Each line of the material should be set down exactly. Pictures are not part of the copy.

DATA EXTRACT:
.....

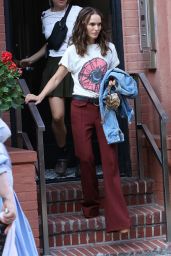 Natalie Portman Unveils 
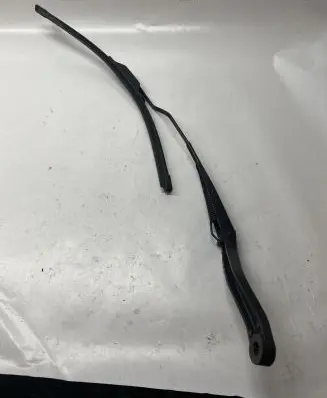 Dodge RAM 1500 DS Windshield/front glass wiper blade 55277449
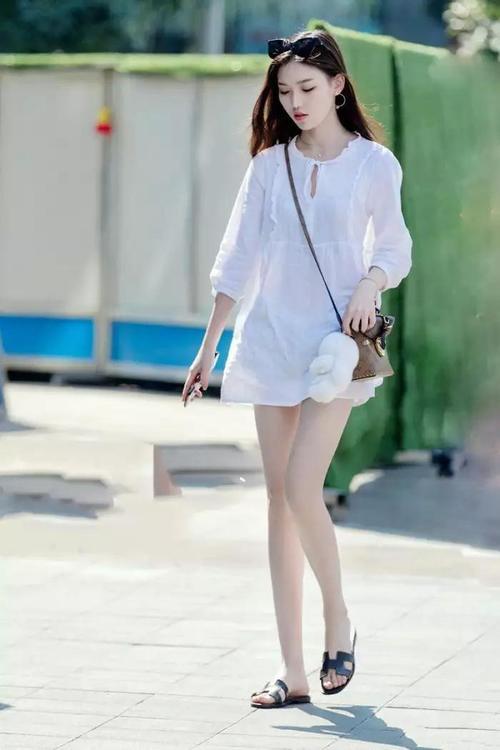 街拍 每到盛夏时节，总能看到时尚的穿搭，图一的小姐姐好奇怪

.....

RESPONSE BOX:
 Natalie Portman Unveils 
 Dodge RAM 1500 DS Windshield/front glass wiper blade 55277449
 街拍 每到盛夏时节，总能看到时尚的穿搭，图一的小姐姐好奇怪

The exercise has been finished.